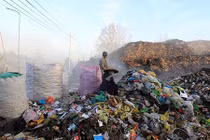 Ảnh: Nhặt nhạnh từng miếng cơm trên “đảo rác” ở đảo ngọc Phú Quốc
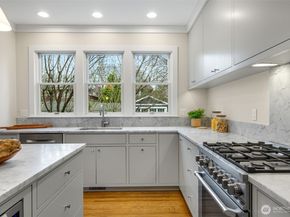 926 19th Avenue E, Seattle WA 98112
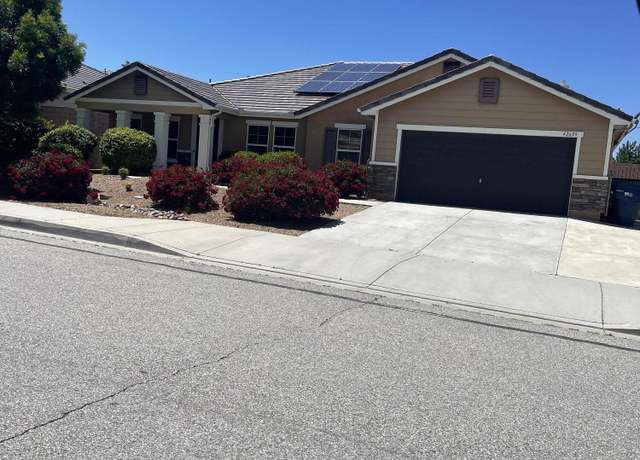 Property at 42659 Raywood Dr, Lancaster, CA 93536, 6 beds, 3 baths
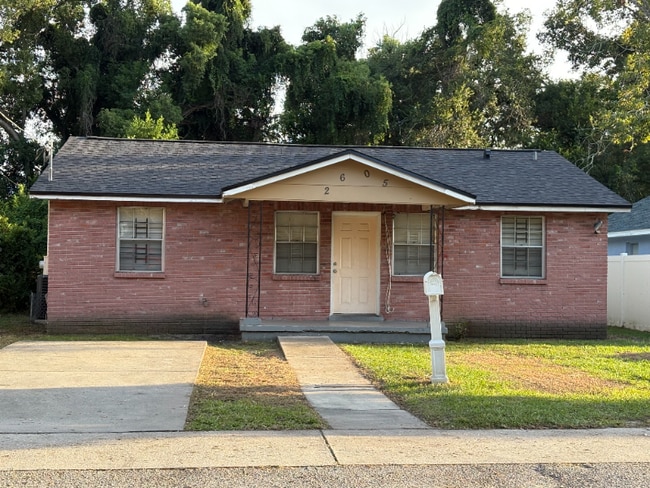 Building Photo - 2605 E 26th Ave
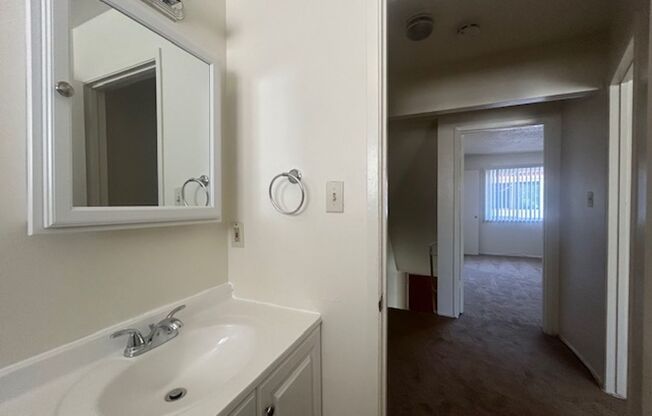 2 beds, 1.5 baths, 850 sqft, $2,350, Unit 9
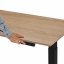 Výškovo nastaviteľný stôl z drevenej dyhy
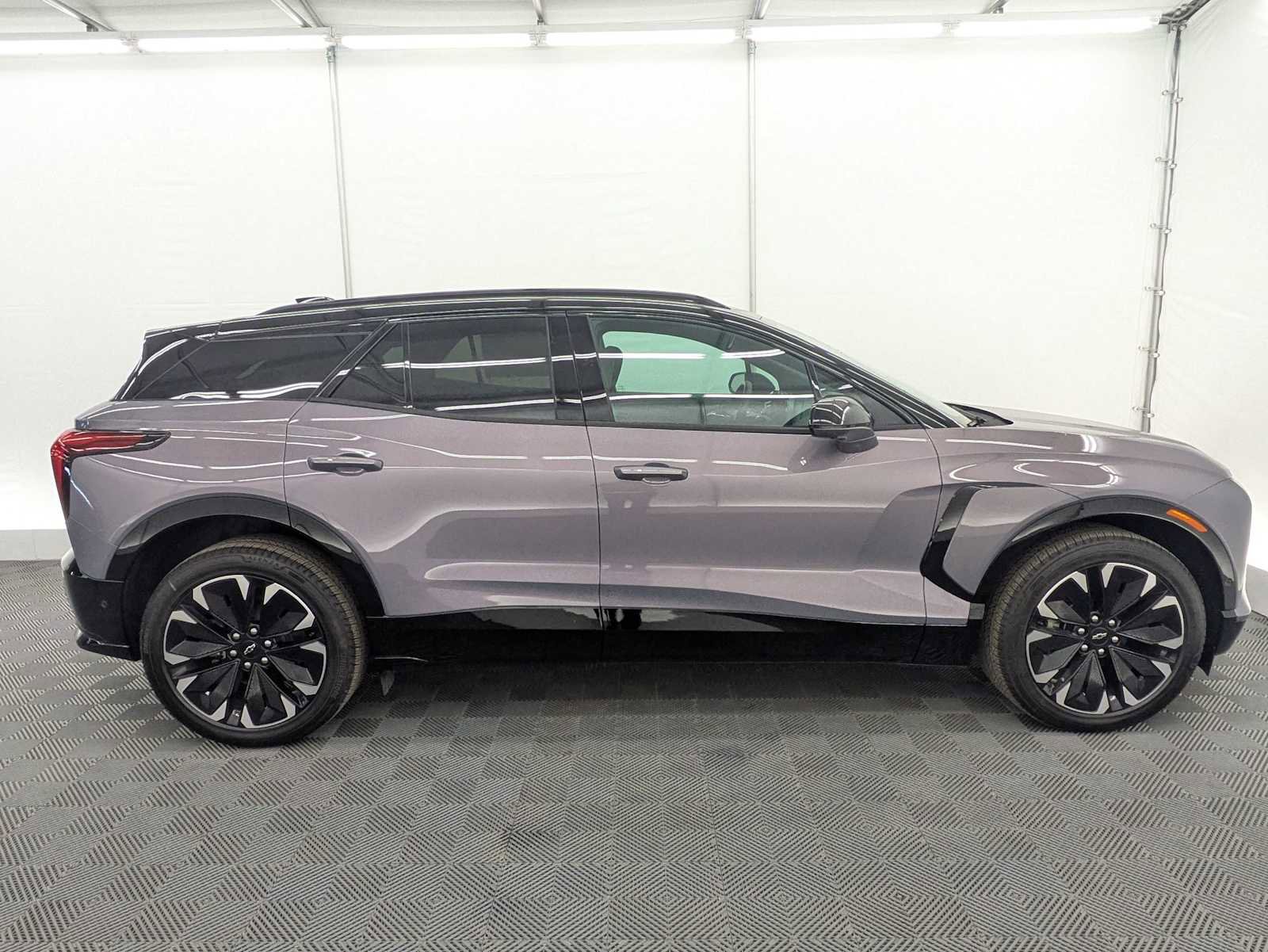 New 2026 Chevrolet Blazer EV RS image 7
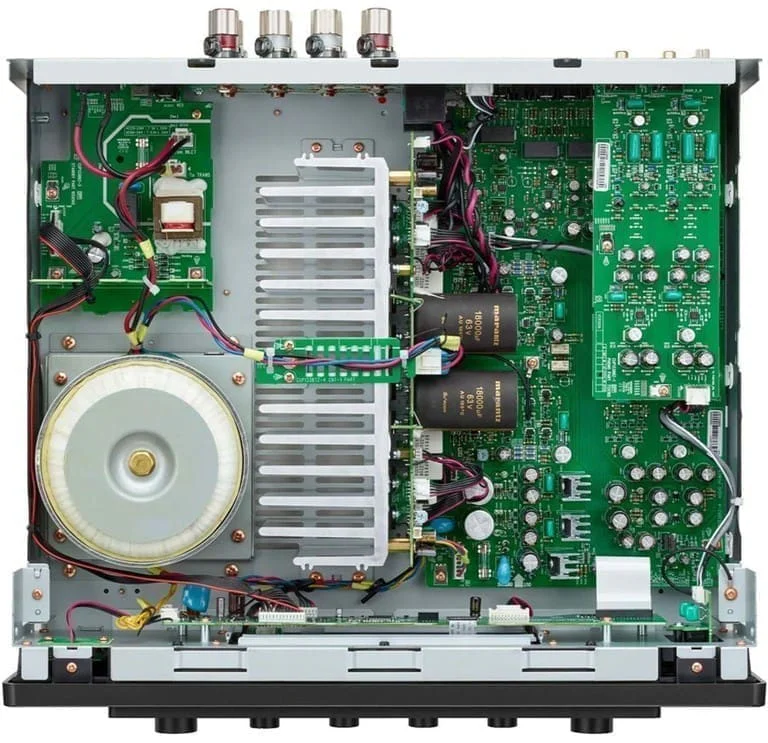 Интегральный усилитель Marantz Model 50 Black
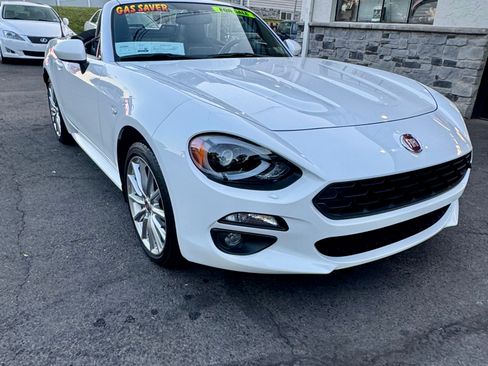 Used 2020 FIAT 124 Spider Lusso Convertible 2D RWD image 6
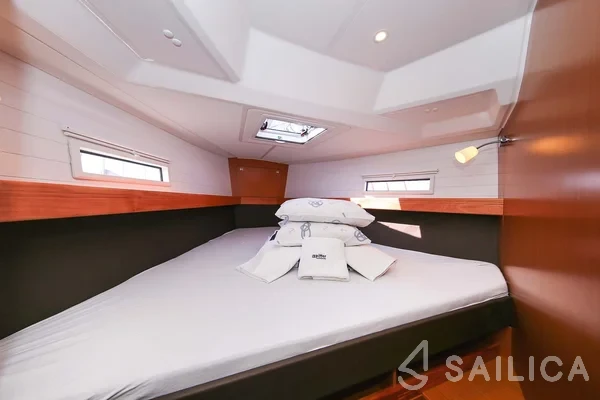 Bavaria Cruiser 41S - Yacht Charter Sailica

**Work instruction**
Repeat only the lines from the one with "Výškovo nastaviteľný stôl z drevenej dyhy" through the end of the data, both included and exactly as written. Pictures stay out of the copy.

**Response**
 Výškovo nastaviteľný stôl z drevenej dyhy
 New 2026 Chevrolet Blazer EV RS image 7
 Интегральный усилитель Marantz Model 50 Black
 Used 2020 FIAT 124 Spider Lusso Convertible 2D RWD image 6
 Bavaria Cruiser 41S - Yacht Charter Sailica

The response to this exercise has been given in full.